_EXERCISE:_ The result should be an exact copy of the entries that follow, with no pictures included.

_Image-caption web data:_
== Segment start ==
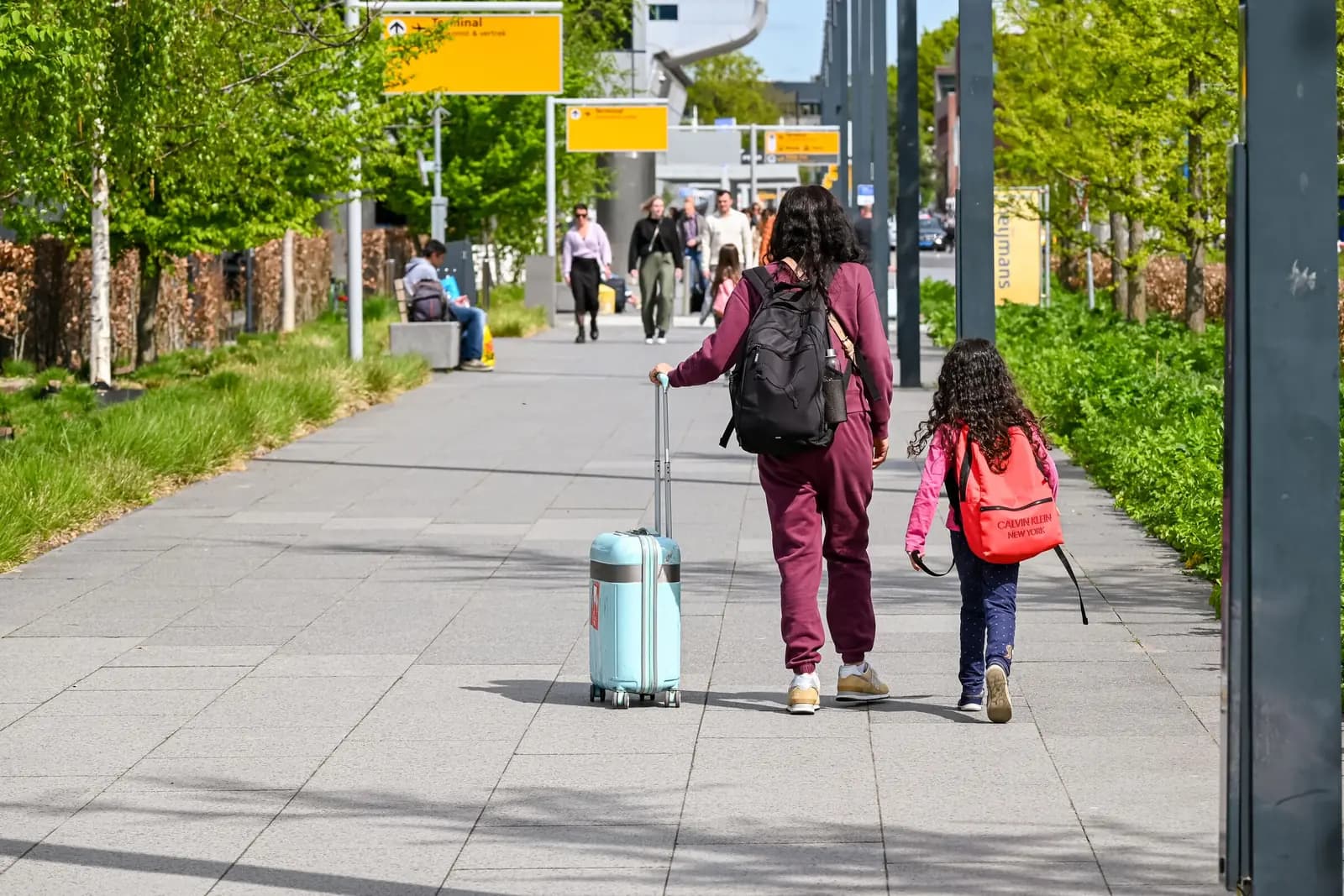 A parent with a rolling suitcase and a child with a backpack walk along a paved path toward an airport terminal, seen from behind.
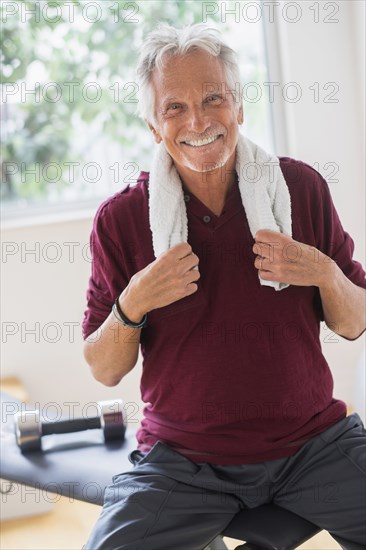 Smiling older Caucasian man resting in gym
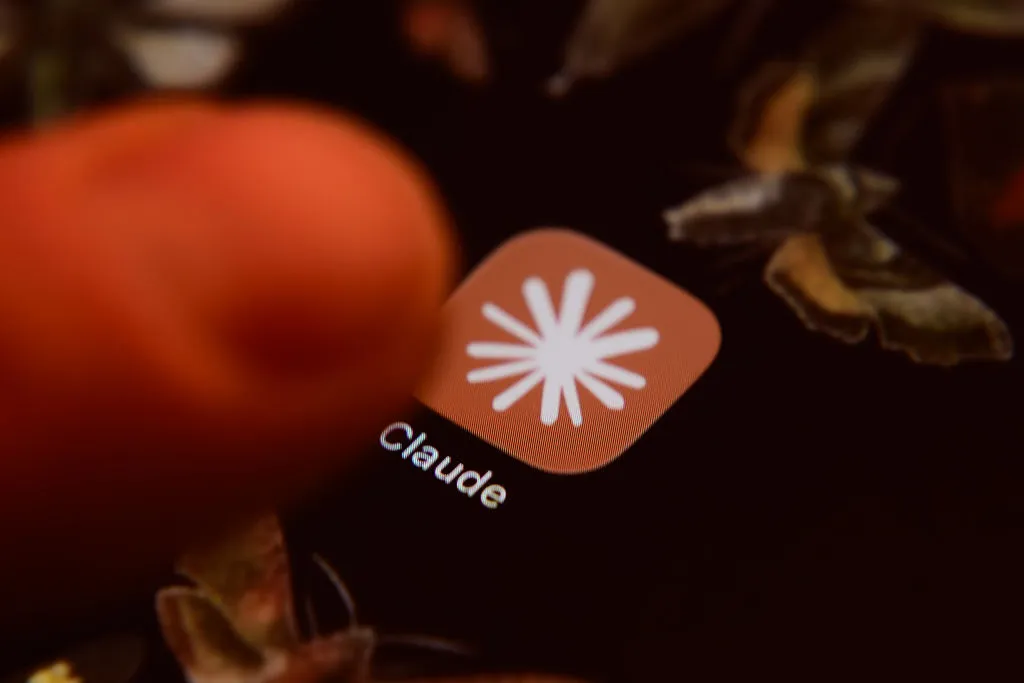 Anthropic starts localizing Claude pricing for India, its biggest market after the US The Claude app icon is displayed on a smartphone screen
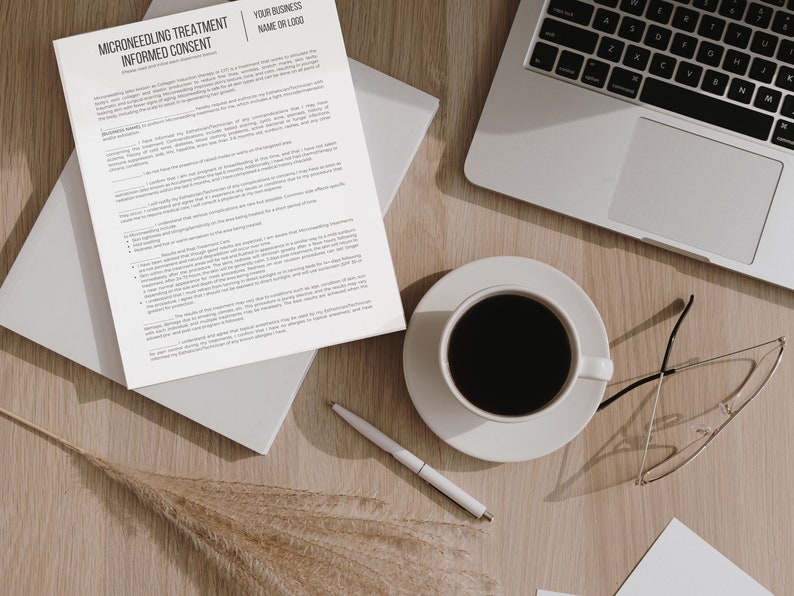 May include: A white sheet of paper with the title "Microneedling Treatment Informed Consent" and a section for a business name or logo. The paper is on a wooden table with a cup of coffee, a laptop, a pen, and a pair of glasses.
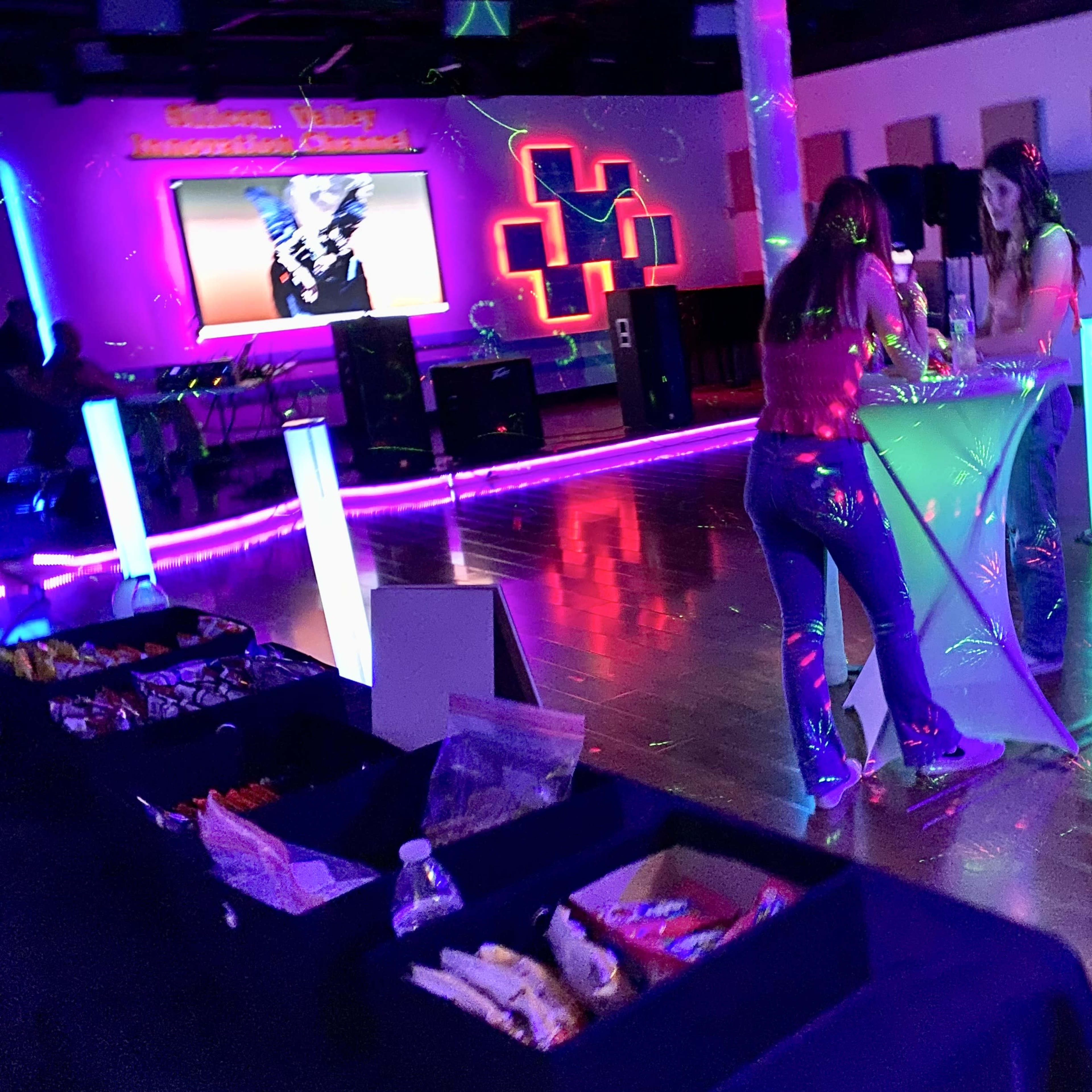 A brightly lit indoor event space with two women engaging at a table, colorful lights reflecting off the walls, and a screen displaying an image in the background.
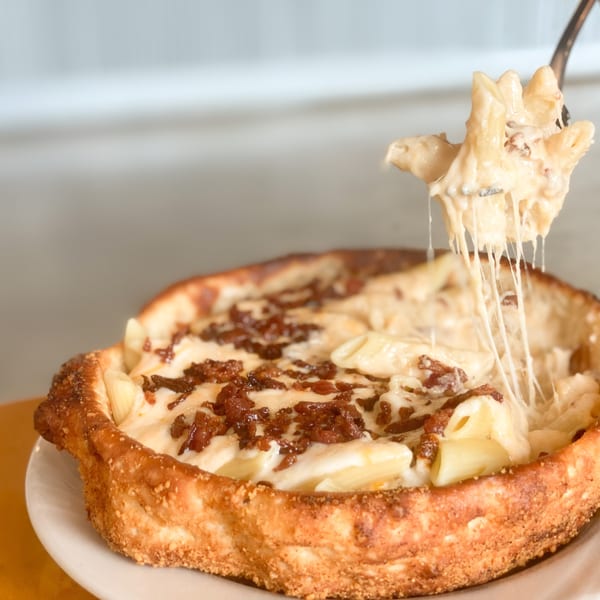 A deep-dish mac and cheese pizza with bacon, with a fork lifting a cheesy bite.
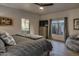 Guest bedroom featuring a comfy bed, en-suite bathroom, and plenty of natural light at 10420 E Morning Vista Ln, Scottsdale, AZ 85262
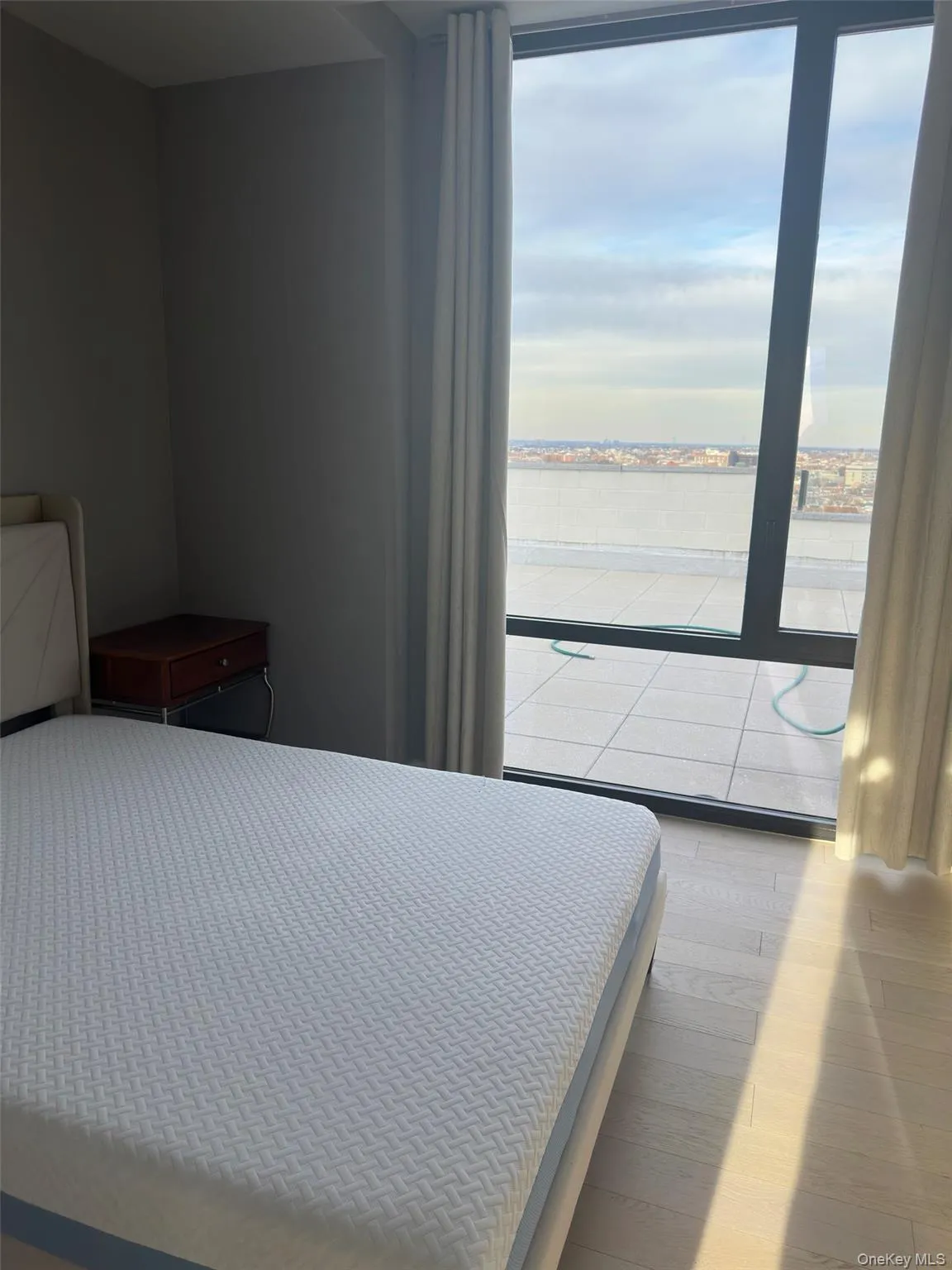 Bedroom with access to exterior, multiple windows, light wood-type flooring, and a water view Bedroom with access to exterior, multiple windows, light wood-type flooring, and a water view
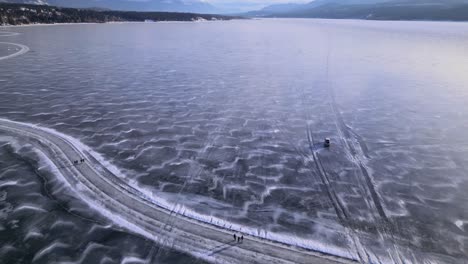 A-truck-is-followed-by-a-aerial-drone-across-the-frozen-Lake-Invermere-in-British-Columbia,-Canada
== Segment end ==
_OUTPUT FOR THIS EXERCISE:_
 A parent with a rolling suitcase and a child with a backpack walk along a paved path toward an airport terminal, seen from behind.
 Smiling older Caucasian man resting in gym
 Anthropic starts localizing Claude pricing for India, its biggest market after the US The Claude app icon is displayed on a smartphone screen
 May include: A white sheet of paper with the title "Microneedling Treatment Informed Consent" and a section for a business name or logo. The paper is on a wooden table with a cup of coffee, a laptop, a pen, and a pair of glasses.
 A brightly lit indoor event space with two women engaging at a table, colorful lights reflecting off the walls, and a screen displaying an image in the background.
 A deep-dish mac and cheese pizza with bacon, with a fork lifting a cheesy bite.
 Guest bedroom featuring a comfy bed, en-suite bathroom, and plenty of natural light at 10420 E Morning Vista Ln, Scottsdale, AZ 85262
 Bedroom with access to exterior, multiple windows, light wood-type flooring, and a water view Bedroom with access to exterior, multiple windows, light wood-type flooring, and a water view
 A-truck-is-followed-by-a-aerial-drone-across-the-frozen-Lake-Invermere-in-British-Columbia,-Canada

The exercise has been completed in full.